Only the lines below from the one containing "A motorhome in" through the one containing "Dzieci wałkują piernikowe" belong in the answer, set down exactly, with the pictures left out.

─── Material provided

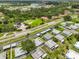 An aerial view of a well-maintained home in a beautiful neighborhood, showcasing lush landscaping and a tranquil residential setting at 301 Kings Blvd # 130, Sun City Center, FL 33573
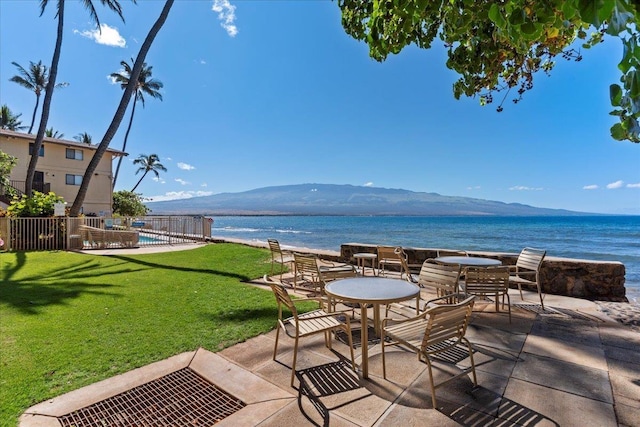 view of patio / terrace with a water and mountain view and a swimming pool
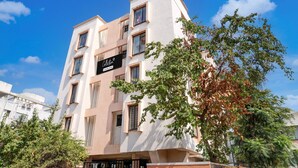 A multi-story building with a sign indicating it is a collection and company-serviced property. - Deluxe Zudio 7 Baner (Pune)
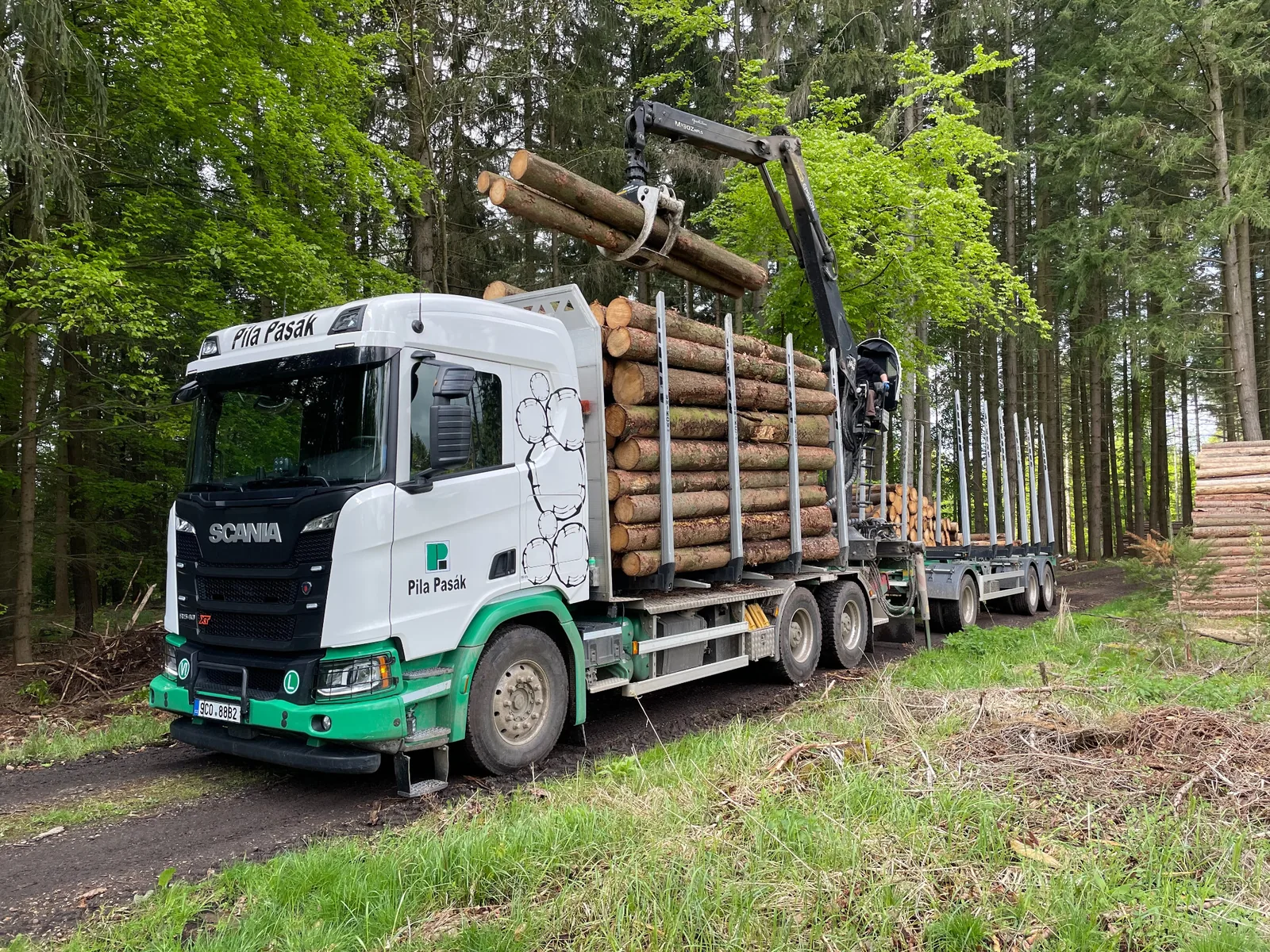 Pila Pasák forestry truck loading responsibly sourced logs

──────
─── Material provided

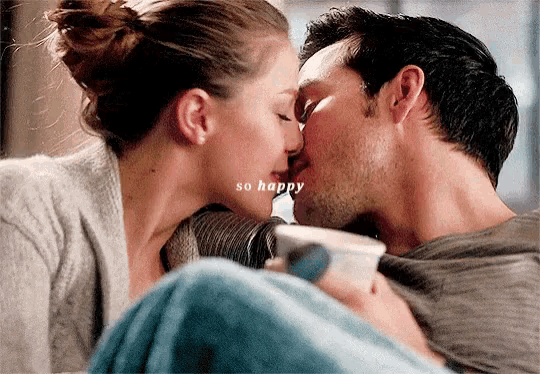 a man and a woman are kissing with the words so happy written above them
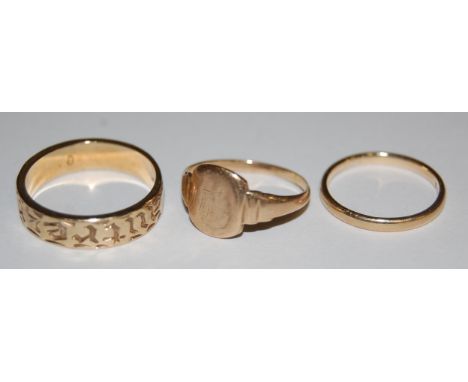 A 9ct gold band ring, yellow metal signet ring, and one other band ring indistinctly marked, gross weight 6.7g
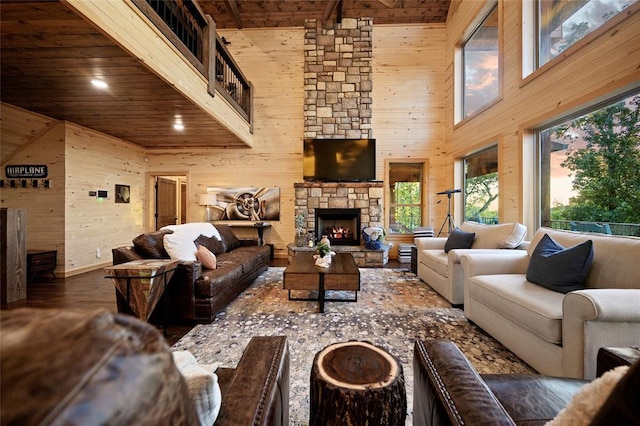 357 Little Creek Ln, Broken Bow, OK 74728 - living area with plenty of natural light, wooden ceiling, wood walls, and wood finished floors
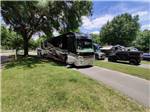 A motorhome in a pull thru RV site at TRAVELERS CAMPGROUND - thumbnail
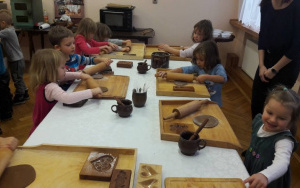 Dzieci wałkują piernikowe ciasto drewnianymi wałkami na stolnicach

──────

Task response:
 A motorhome in a pull thru RV site at TRAVELERS CAMPGROUND - thumbnail
 Dzieci wałkują piernikowe ciasto drewnianymi wałkami na stolnicach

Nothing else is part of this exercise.